Jurassic Dinosaur Tracks Reconstructed to Reveal the Path They Traveled to Remote Islands
Scientists may understand the paths that dinosaurs took a bit better. Researchers have reconstructed the footprints of carnivorous dinosaurs and have discovered what route that they took 154 million years ago.
In 2003, a private fossil collector discovered a total of 20 dinosaur footprints imprinted on a stone slab in a limestone quarry near Goslar. He was able to salvage five of the tracks and kept them from being destroyed by quarry work. Now, paleontologists have worked with the collector to reconstruct the tracks in a three-dimensional model using digital techniques.
"Even five years ago, it wouldn't have been technically possible to do this kind of reconstruction," said Jens N. Lallensack, first author of the new study, in a news release.
The tracks measured between 36 and 47 centimeters in length and were probably made by two different species of predatory dinosaurs from the Theropoda group. Using the digital models, the researchers could see how the individual footprints were positioned in relation to one another. This allowed the scientists to reconstruct the moving direction and how fast the animals were traveling.
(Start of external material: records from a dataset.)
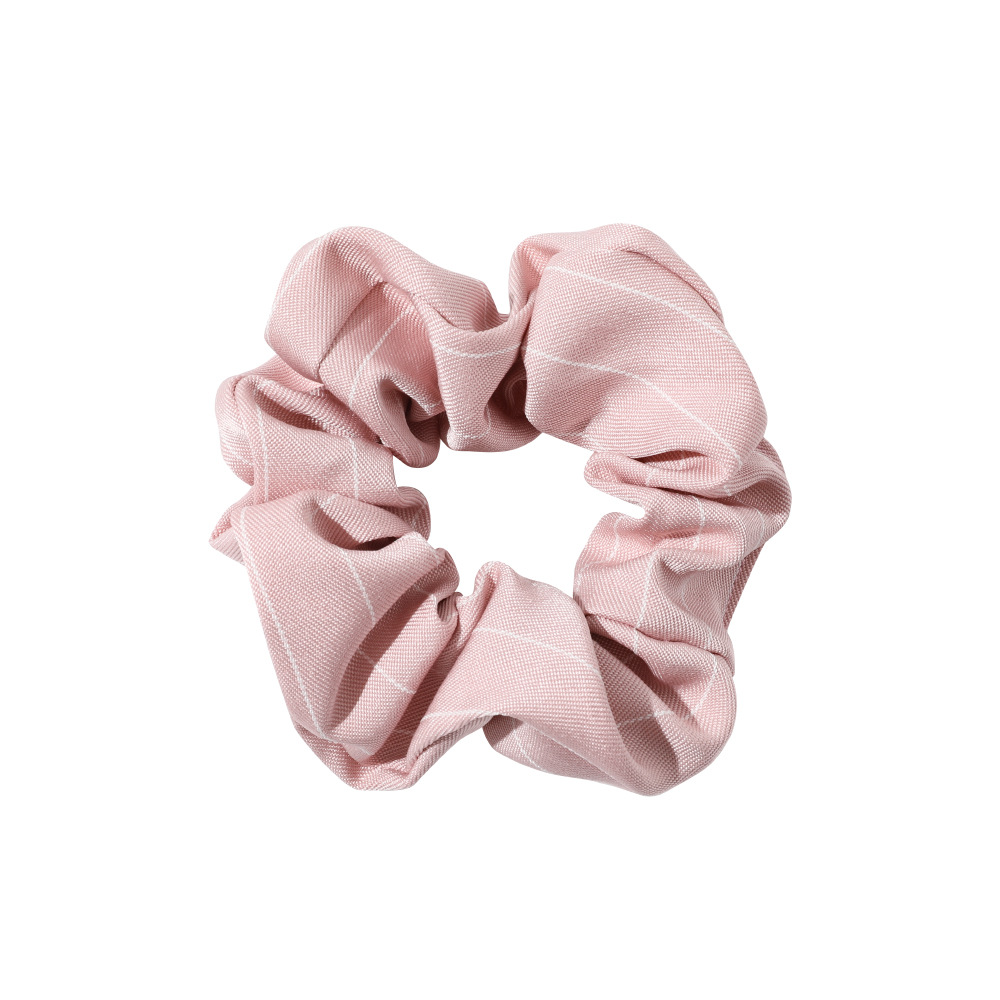 ins温柔系发圈大甜美百搭斜纹发绳法式大肠圈纯色布艺扎头发头绳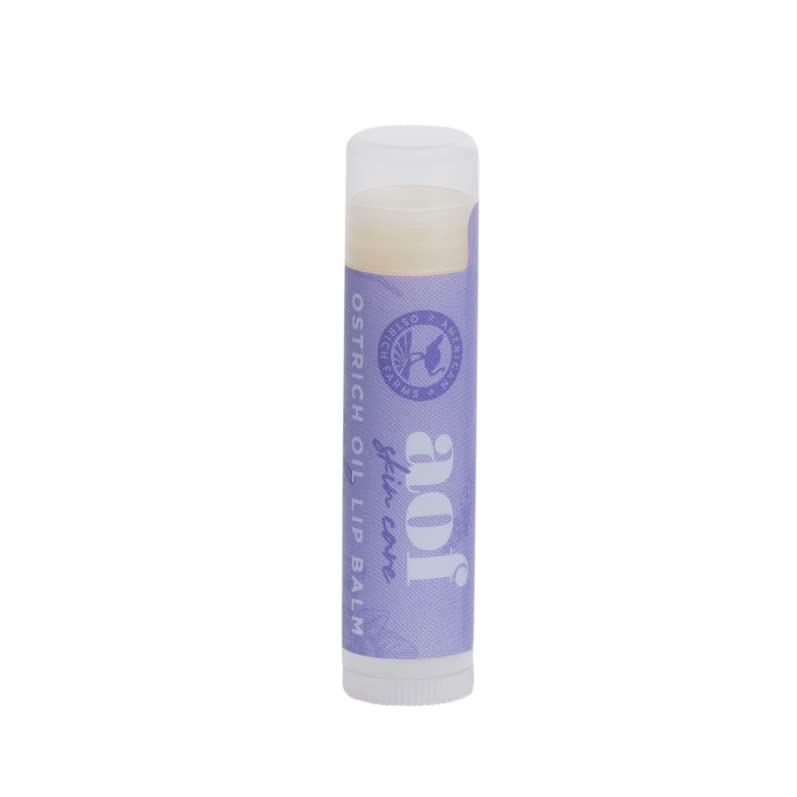 American Ostrich Farms Hydrating Lip Balm - Soothing & Moisturizing Lip Care for Dry Lips - Perfect for Daily Use, Travel, and Outdoor Activities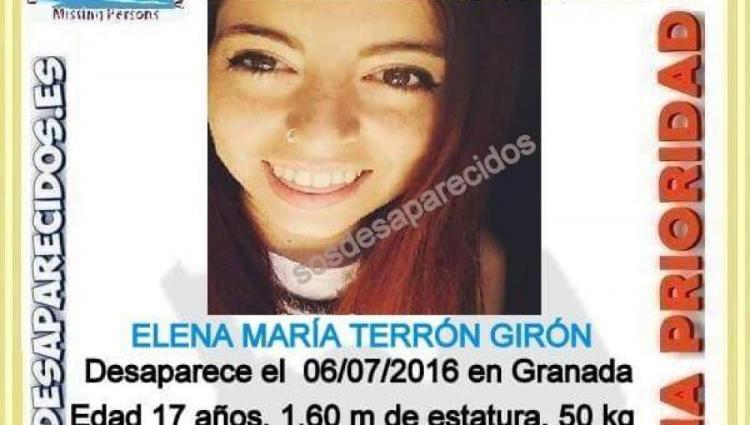 Imagen de la joven que se busca.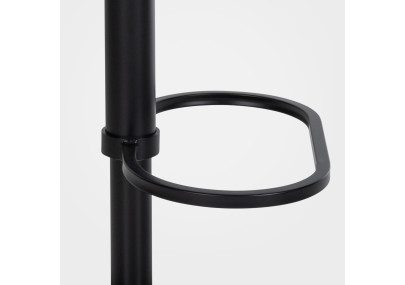 Tabouret de bar Damaso B, feutre gris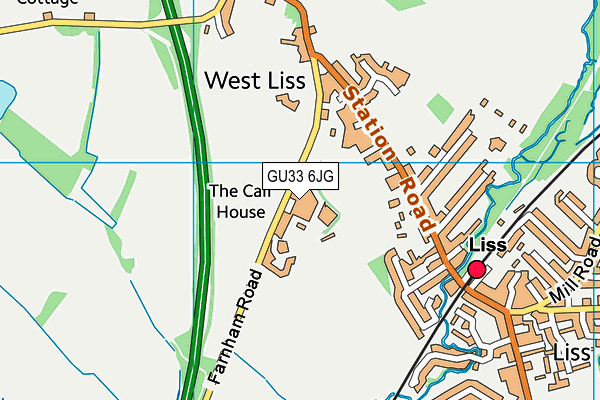 GU33 6JG map - OS VectorMap District (Ordnance Survey) GU33 6JG map - OS VectorMap District (Ordnance Survey)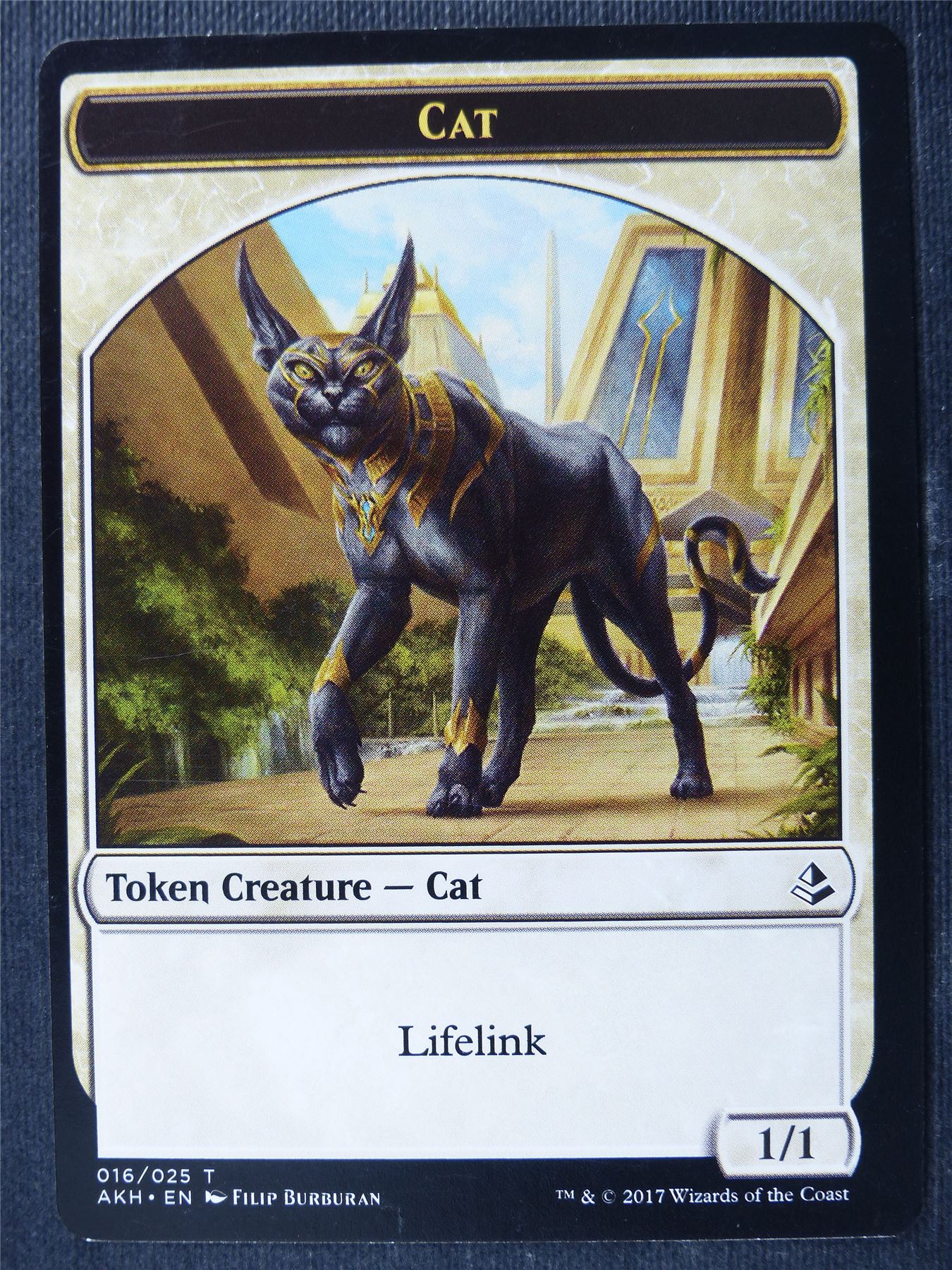 Cat Token - Mtg Card #3ZW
About 154 million years ago, during the Late Jurassic Era, there was a shallow sea throughout this region, with small islands jutting out of it. These islands were inhabited by species of small dinosaurs. Yet it's likely the dinosaurs represented by these tracks immigrated across a land bridge in order to hunt the herbivorous Europasaurus. In fact, these tracks are the only evidence that scientists have found that the region was temporarily dry.
It's likely that the arrival of these carnivores sealed the fate of the small Europasaurus on the islands.
The findings are published in the journal Palaeontologia Electronica.